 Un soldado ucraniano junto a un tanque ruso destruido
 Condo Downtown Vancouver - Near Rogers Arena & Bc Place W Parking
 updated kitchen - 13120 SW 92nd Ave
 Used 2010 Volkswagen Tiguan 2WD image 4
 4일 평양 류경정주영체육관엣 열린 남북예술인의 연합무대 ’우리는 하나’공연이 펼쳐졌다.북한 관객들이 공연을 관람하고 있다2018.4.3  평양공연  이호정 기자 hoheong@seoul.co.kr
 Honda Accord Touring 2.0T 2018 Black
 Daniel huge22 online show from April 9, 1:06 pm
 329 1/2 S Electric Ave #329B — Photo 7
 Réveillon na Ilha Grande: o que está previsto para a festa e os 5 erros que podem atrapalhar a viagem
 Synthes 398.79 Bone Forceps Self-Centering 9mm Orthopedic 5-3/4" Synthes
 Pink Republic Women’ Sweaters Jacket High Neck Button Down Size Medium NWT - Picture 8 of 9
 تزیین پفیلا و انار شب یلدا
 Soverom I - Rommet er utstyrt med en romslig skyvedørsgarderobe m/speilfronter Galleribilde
------------------------------
◆ Task directions
Starting at the first line of the data above, please restate word for word every line up to and including the one that holds "Used 2010 Volkswagen Tiguan 2WD image 4", and add nothing else.

◆ Answer section
 Un soldado ucraniano junto a un tanque ruso destruido
 Condo Downtown Vancouver - Near Rogers Arena & Bc Place W Parking
 updated kitchen - 13120 SW 92nd Ave
 Used 2010 Volkswagen Tiguan 2WD image 4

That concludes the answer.